__WHAT TO WORK ON__.
Exactly the lines below from the line with "Golden Man Petos Chapter 35 Page 18" through the line with "Champagnerschale auf Fuß, Edelstahl, silber" must make up the answer, both ends included and pictures left out.

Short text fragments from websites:
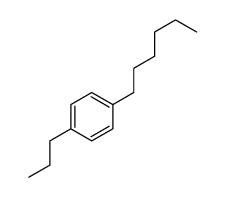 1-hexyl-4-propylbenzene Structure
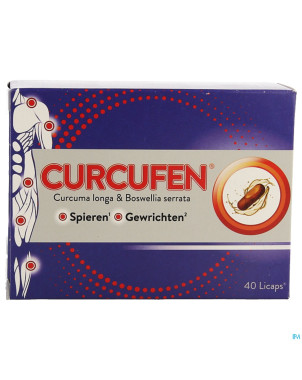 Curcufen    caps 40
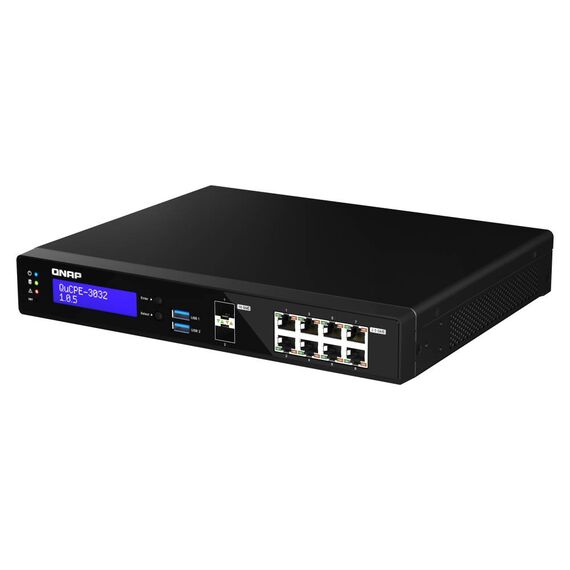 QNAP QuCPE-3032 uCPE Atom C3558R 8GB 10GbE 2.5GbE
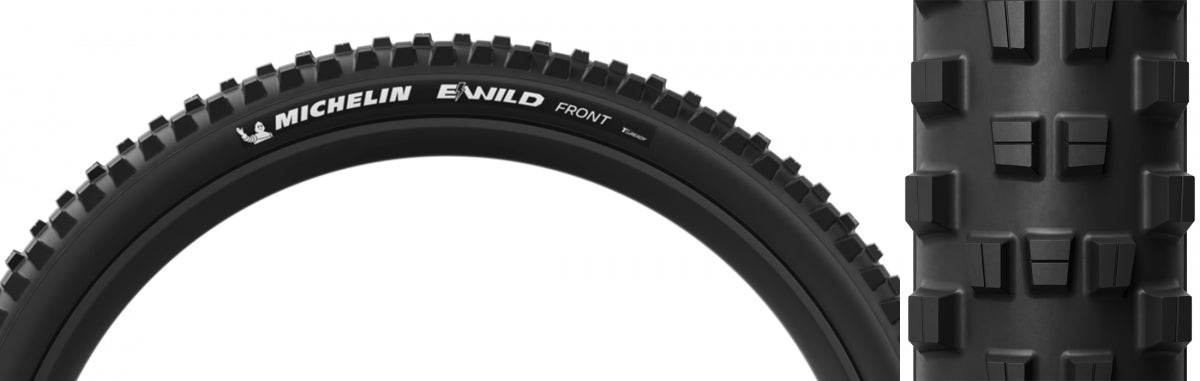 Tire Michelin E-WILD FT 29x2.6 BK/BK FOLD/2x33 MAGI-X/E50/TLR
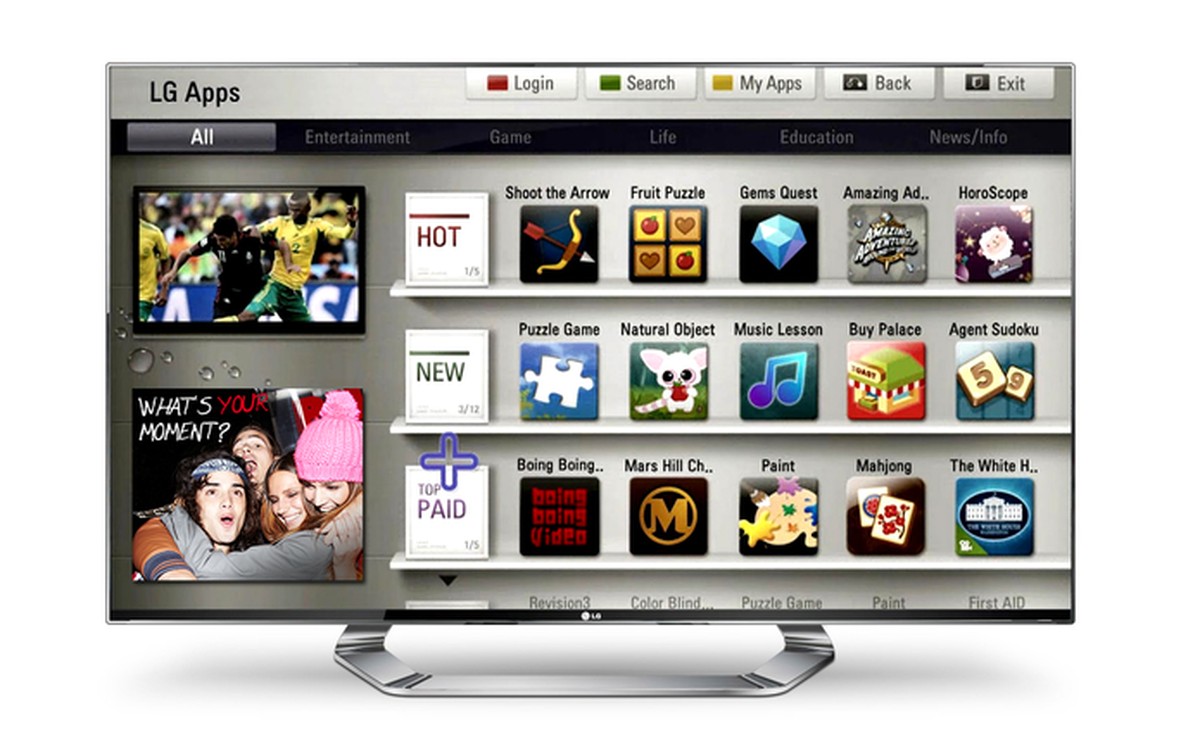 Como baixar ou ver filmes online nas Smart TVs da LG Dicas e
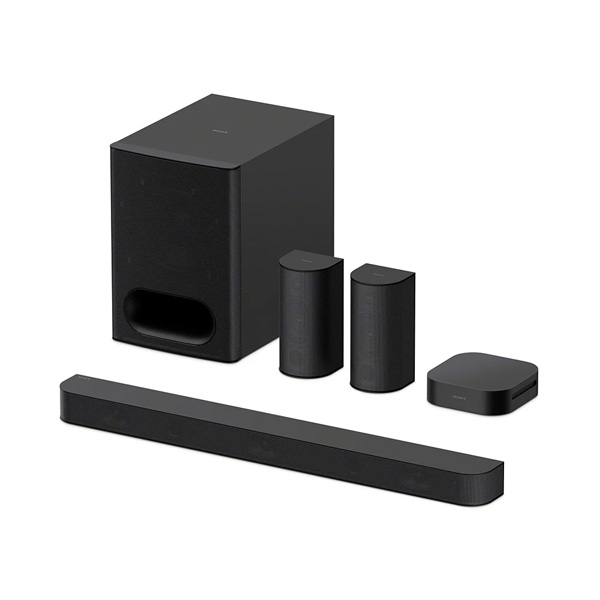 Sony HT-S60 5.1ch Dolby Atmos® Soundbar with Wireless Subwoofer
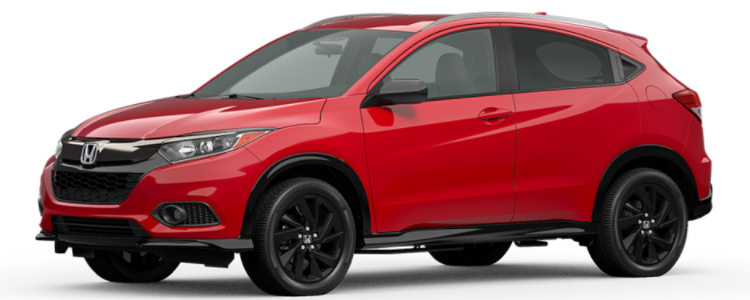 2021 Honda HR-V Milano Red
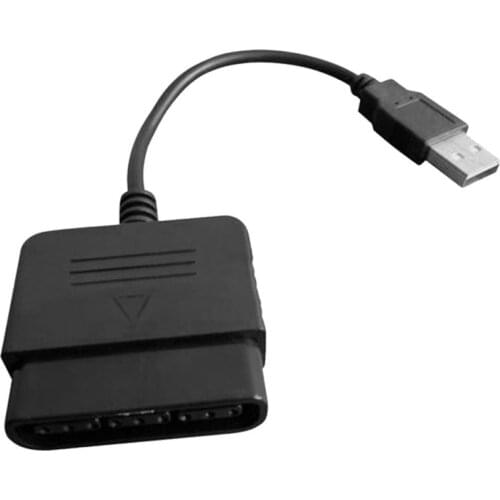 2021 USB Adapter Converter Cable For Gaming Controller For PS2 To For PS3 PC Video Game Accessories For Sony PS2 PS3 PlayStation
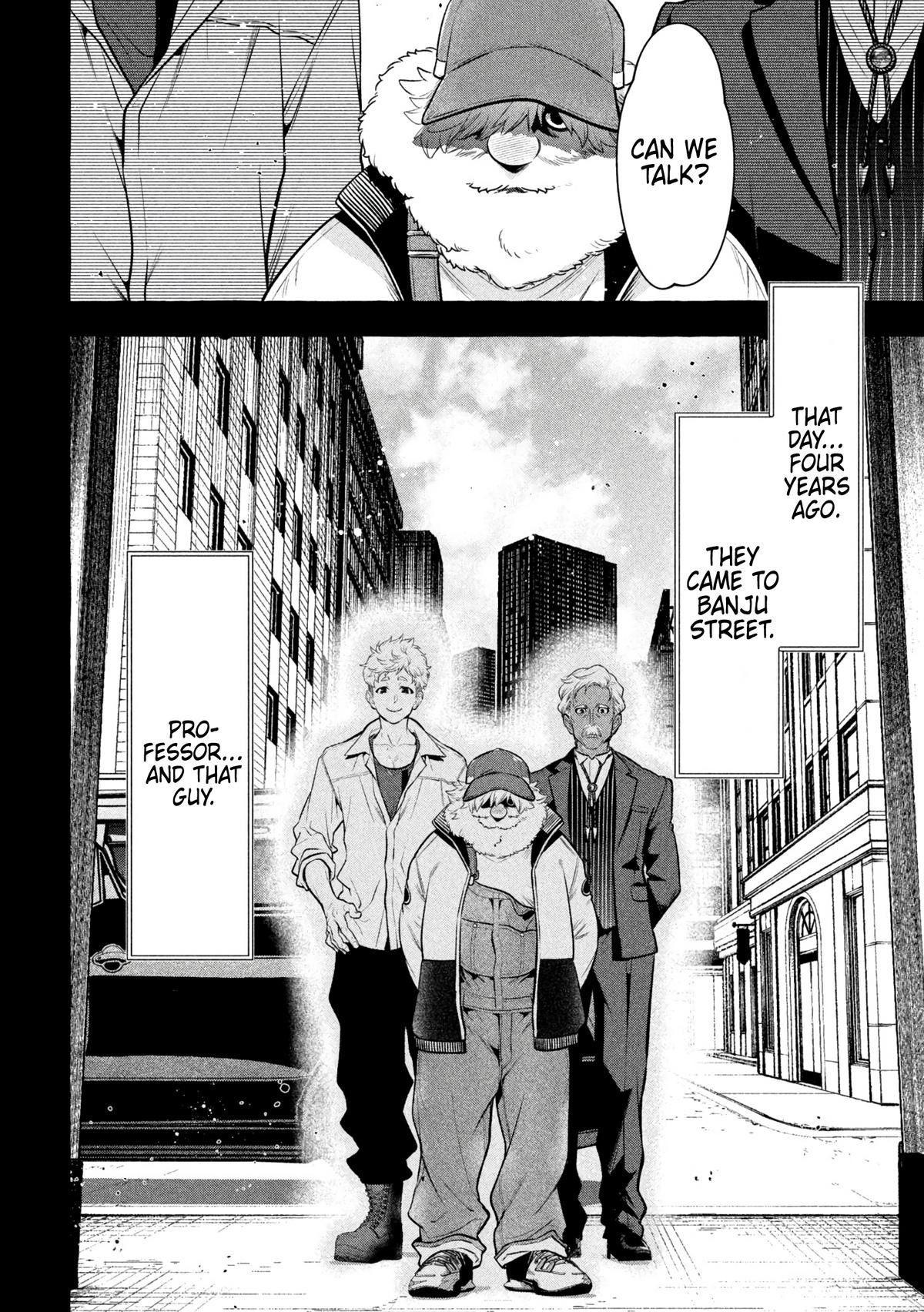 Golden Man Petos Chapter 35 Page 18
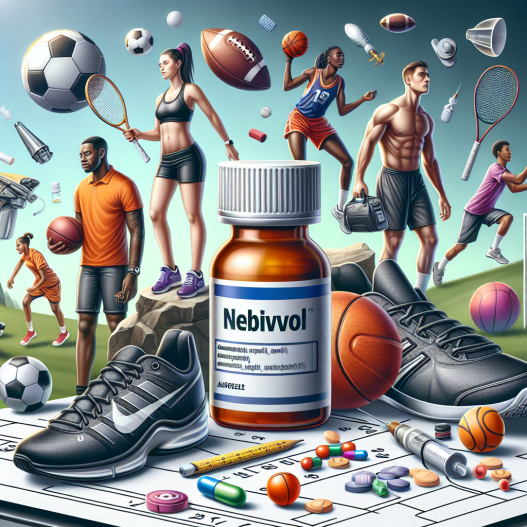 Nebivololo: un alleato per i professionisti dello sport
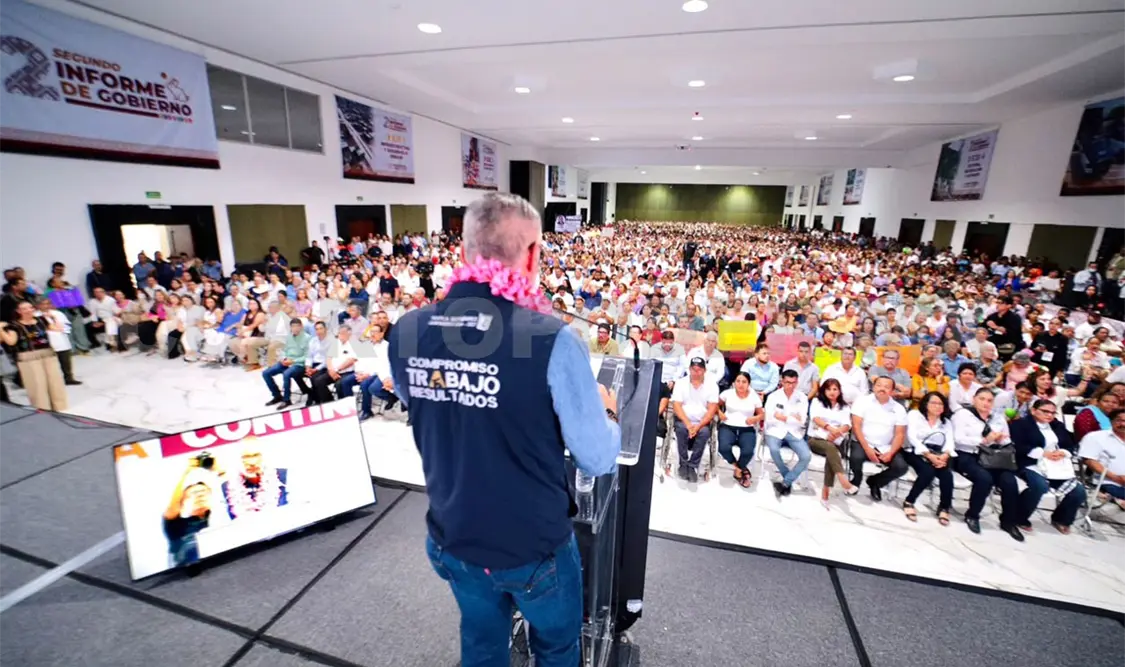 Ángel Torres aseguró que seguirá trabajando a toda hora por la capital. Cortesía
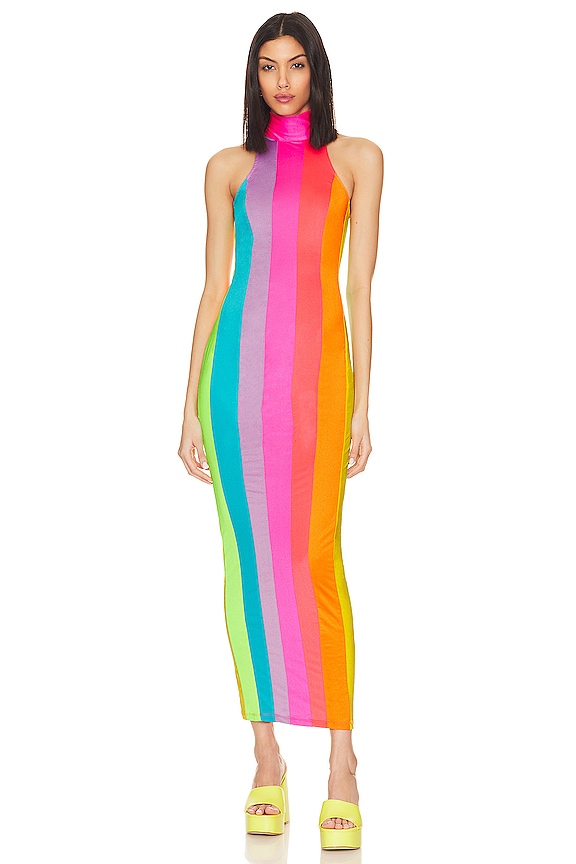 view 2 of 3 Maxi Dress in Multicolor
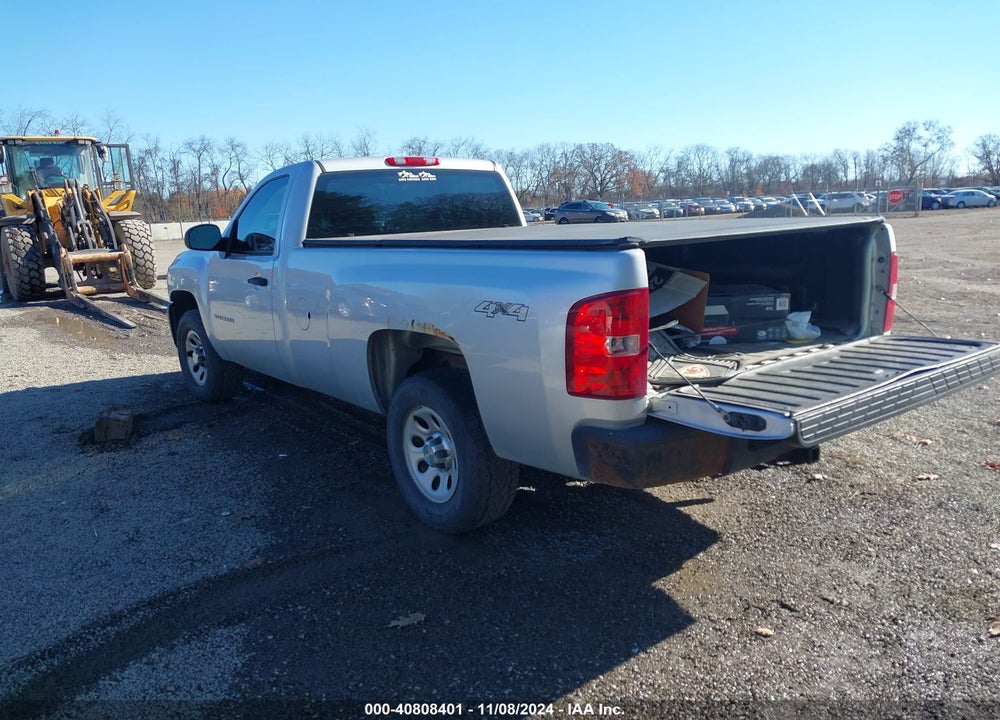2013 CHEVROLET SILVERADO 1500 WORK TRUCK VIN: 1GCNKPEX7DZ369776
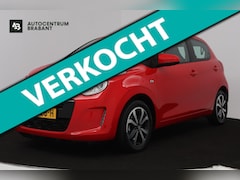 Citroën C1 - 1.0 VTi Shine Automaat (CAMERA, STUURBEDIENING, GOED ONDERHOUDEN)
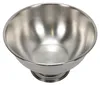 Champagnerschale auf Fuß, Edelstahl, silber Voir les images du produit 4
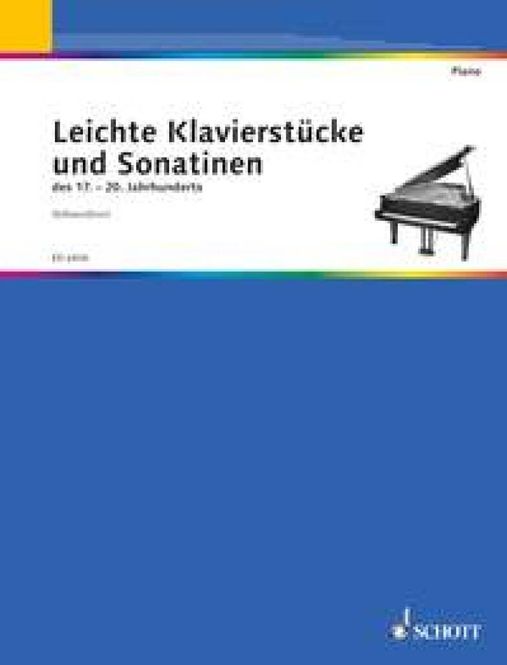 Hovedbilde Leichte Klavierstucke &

__COMPLETED EXERCISE__.
 Golden Man Petos Chapter 35 Page 18
 Nebivololo: un alleato per i professionisti dello sport
 Ángel Torres aseguró que seguirá trabajando a toda hora por la capital. Cortesía
 view 2 of 3 Maxi Dress in Multicolor
2013 CHEVROLET SILVERADO 1500 WORK TRUCK VIN: 1GCNKPEX7DZ369776
 Citroën C1 - 1.0 VTi Shine Automaat (CAMERA, STUURBEDIENING, GOED ONDERHOUDEN)
 Champagnerschale auf Fuß, Edelstahl, silber Voir les images du produit 4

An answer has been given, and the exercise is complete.